The components contained in the computing system 300 of FIG. 29 are those typically found in computing systems that may be suitable for use with embodiments of the present invention and are intended to represent a broad category of such computer components that are well known in the art. The computer can also include different bus configurations, networked platforms, multi-processor platforms, etc. Various operating systems can be used including UNIX, Linux, Windows, Macintosh OS, Palm OS, and other suitable operating systems.
Some of the above-described functions may be composed of instructions that are stored on storage media (e.g., computer-readable medium). The instructions may be retrieved and executed by the processor. The instructions are operational when executed by the processor to direct the processor to operate in accord with the invention. Those skilled in the art are familiar with instructions, processor(s), and storage media.
It is noteworthy that any hardware platform suitable for performing the processing described herein is suitable for use with the invention. The terms “computer-readable storage medium” and “computer-readable storage media” as used herein refer to any medium or media that participate in providing instructions to a CPU for execution. Such media can take many forms, including, but not limited to, non-volatile media, volatile media and transmission media. Non-volatile media include, for example, optical or magnetic disks, such as a fixed disk. Volatile media include dynamic memory, such as system RAM. Transmission media include coaxial cables, copper wire and fiber optics, among others, including the wires that comprise one embodiment of a bus. Transmission media can also take the form of acoustic or light waves, such as those generated during radio frequency (RF) and infrared (IR) data communications. Common forms of computer-readable media include, for example, a USB drive, a hard disk, magnetic tape, any other magnetic medium, a CD-ROM disk, digital video disk (DVD), any other optical medium, any other physical medium with patterns of marks or holes, a RAM, a PROM, an EPROM, an EEPROM, a FLASHEPROM, any other memory chip or cartridge, a carrier wave, or any other medium from which a computer can read.

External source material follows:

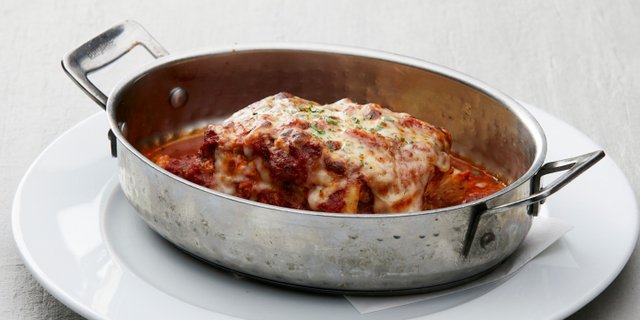 Gluten-Free Veggie Lasagna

Various forms of computer-readable media may be involved in carrying one or more sequences of one or more instructions to a CPU for execution. A bus carries the data to system RAM, from which a CPU retrieves and executes the instructions. The instructions received by system RAM can optionally be stored on a fixed disk either before or after execution by a CPU.
The above description is illustrative and not restrictive. Many variations of the invention will become apparent to those of skill in the art upon review of this disclosure. The scope of the invention should, therefore, be determined not with reference to the above description, but instead should be determined with reference to the appended claims along with their full scope of equivalents. While the present invention has been described in connection with a series of embodiments, these descriptions are not intended to limit the scope of the invention to the particular forms set forth herein. It will be further understood that the methods of the invention are not necessarily limited to the discrete steps or the order of the steps described. To the contrary, the present descriptions are intended to cover such alternatives, modifications, and equivalents as may be included within the spirit and scope of the invention as defined by the appended claims and otherwise appreciated by one of ordinary skill in the art.
1. A system for determining a position of a moving object relative to a reference object in a sporting event from image frames of the sporting event captured by an image capture device, comprising:
one or more processors configured to implement a machine learning model trained to identify the moving object and the reference object in one or more of the image frames;
wherein the machine learning model is trained using a single image capture device.
2. The system of claim 1, wherein the single image capture device is an off-the-shelf smartphone.
3. The system of claim 1, wherein the single image capture device is one of an iPhone, an Android phone, a Google phone, and a GoPro camera.
4. The system of claim 1, wherein the moving object is one of a baseball and a softball and the reference object is a home plate.
5. The system of claim 4, wherein the one or more processors are further configured to construct a strike zone over the home plate, and wherein the processor is further configured to size, position and orient the strike zone over home plate.
6. The system of claim 5, wherein the one or more processors are further configured to identify a pitcher's mound, and the one or more processors are configured to orient the strike zone over home plate by directing the strike zone to face the pitcher's mound.
7. The system of claim 5, wherein the one or more processors are further configured to determine an image frame where the baseball or softball reaches a plane in which the strike zone is positioned, and to determine whether the baseball or softball passes through the strike zone at the image frame to constitute a strike, or whether the baseball or softball misses the strike zone at the image frame to constitute a ball.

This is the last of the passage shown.